It allows you to draw TWO cards for the cost of one draw and a single time quantum. So basically you pay 1 time quantum to draw one extra card. Just like Hourglass, only this can be used only once.
Also you have to take into consideration the possibility of decking out. With smaller decks like 30, it's sometimes a bad thing to draw many cards. Unless you have (protected) Eternity you might easily deck out if the opponent has a lot of defense.
I think you missed that second part, I've extended the highlighting. You're burning three cards into your deck for the price of one draw. That's two extra cards, but you can then factor in the third when you're looking at the draw probabilities for the remainder of your deck. In terms of card advantage, this is massive. Hourglass is a different beast entirely because it's slower, it's vastly more quantum-intensive and (though this is trivial) can be destroyed.

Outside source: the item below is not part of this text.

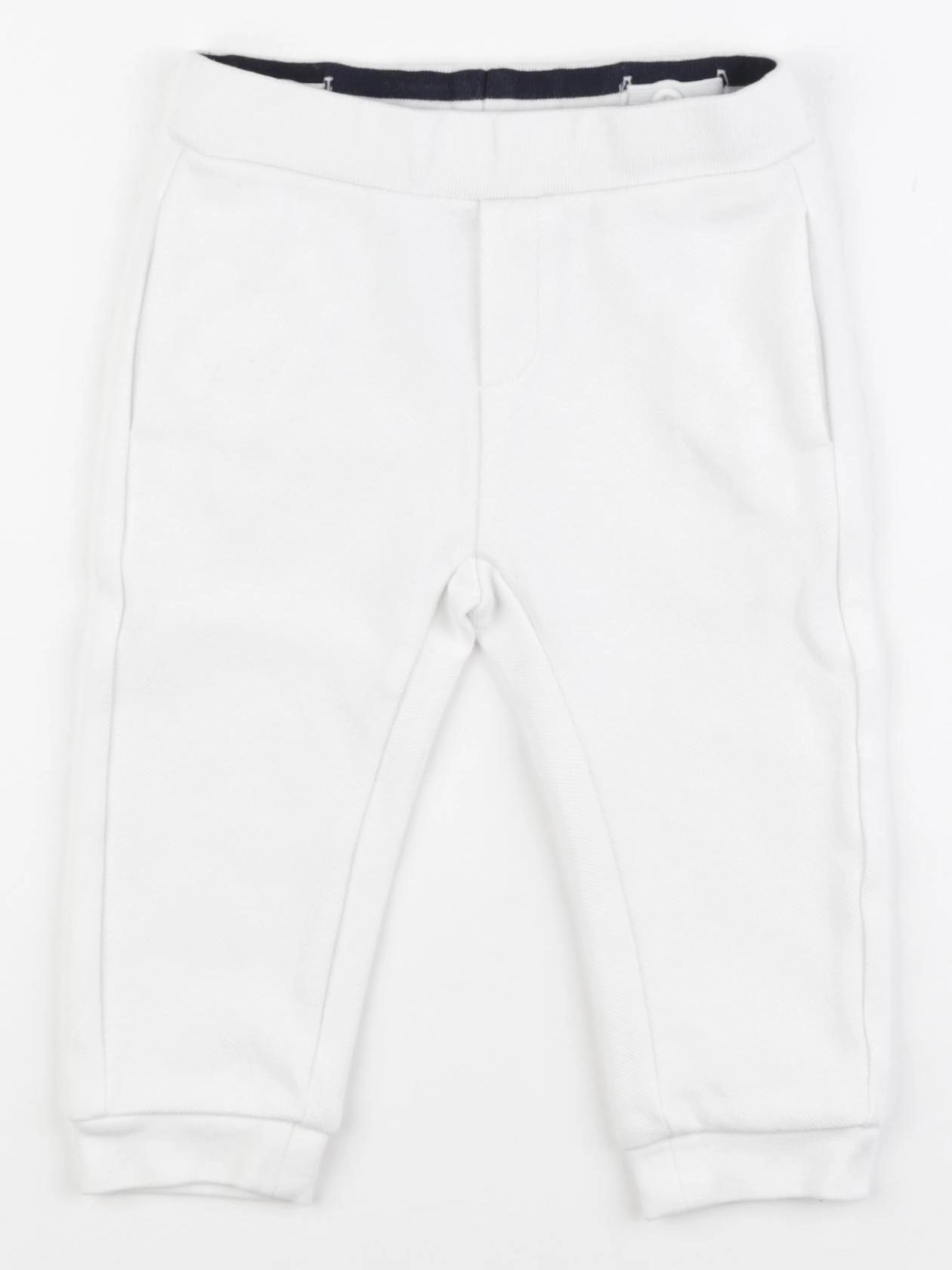 Jacadi - pantalon blanc - 18 mois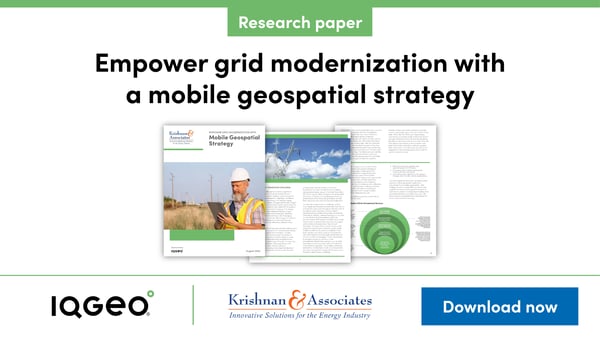 モバイル地理空間戦略で送電網の近代化を促進する 研究論文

Granted you do run the chance of decking out with only 30 cards. But this is still powerful in any deck, not just small ones. Think how much you would kill to have this card in your Rainbow deck.
I didn't miss that part. In fact I used the same exact wording.
I'm not sure what you are trying to say here. I don't get where you get this "three cards". The card in question would give you TWO CARDS. You use one card, you draw 2 new cards. That's only 1 extra card (because you used one you had previously).
Lets say I have 7 cards. One of them is Time Warp and I'm using it by paying time quantum. I draw 2 new cards. Now I have 7 - 1 + 2 = 8 cards.
I had 7 cards, now I have 8. That's one extra card. Where is the huge advantage?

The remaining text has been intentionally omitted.